**RECORD SET**
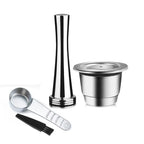 Coffee capsule reusable pods for Nespresso stainless steel coffee filter Espresso Crema pod manufacturer's new upgrade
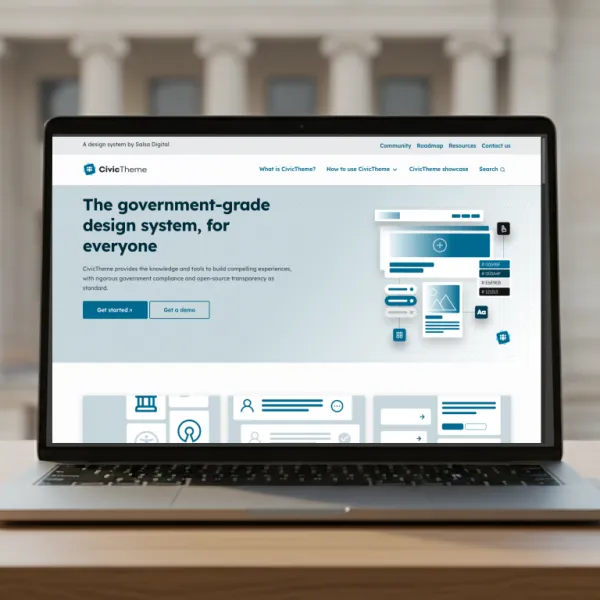 The CivicTheme homepage at civictheme.io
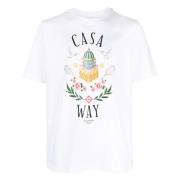 Biologisch katoenen T-shirt Casablanca , White , Heren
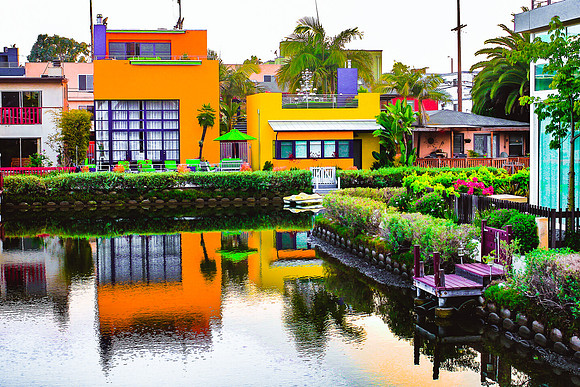 Venice Beach Canals California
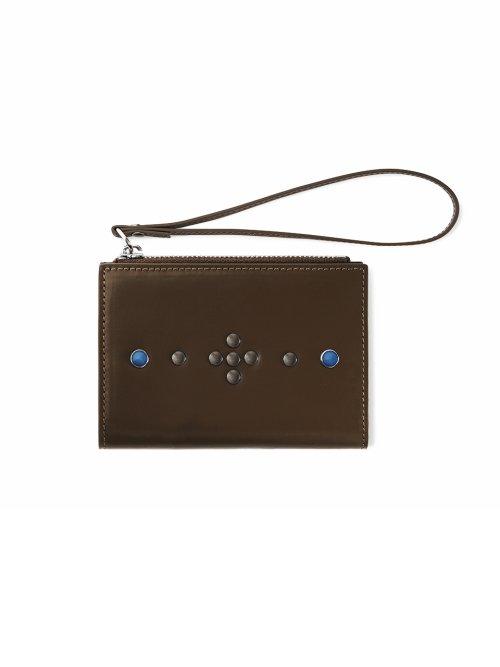 RIVET WALLET - BROWN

**PROBLEM TO WORK ON**
With the pictures removed, return all the entries exactly.

**TASK RESULT**
 Coffee capsule reusable pods for Nespresso stainless steel coffee filter Espresso Crema pod manufacturer's new upgrade
 The CivicTheme homepage at civictheme.io
 Biologisch katoenen T-shirt Casablanca , White , Heren
 Venice Beach Canals California
 RIVET WALLET - BROWN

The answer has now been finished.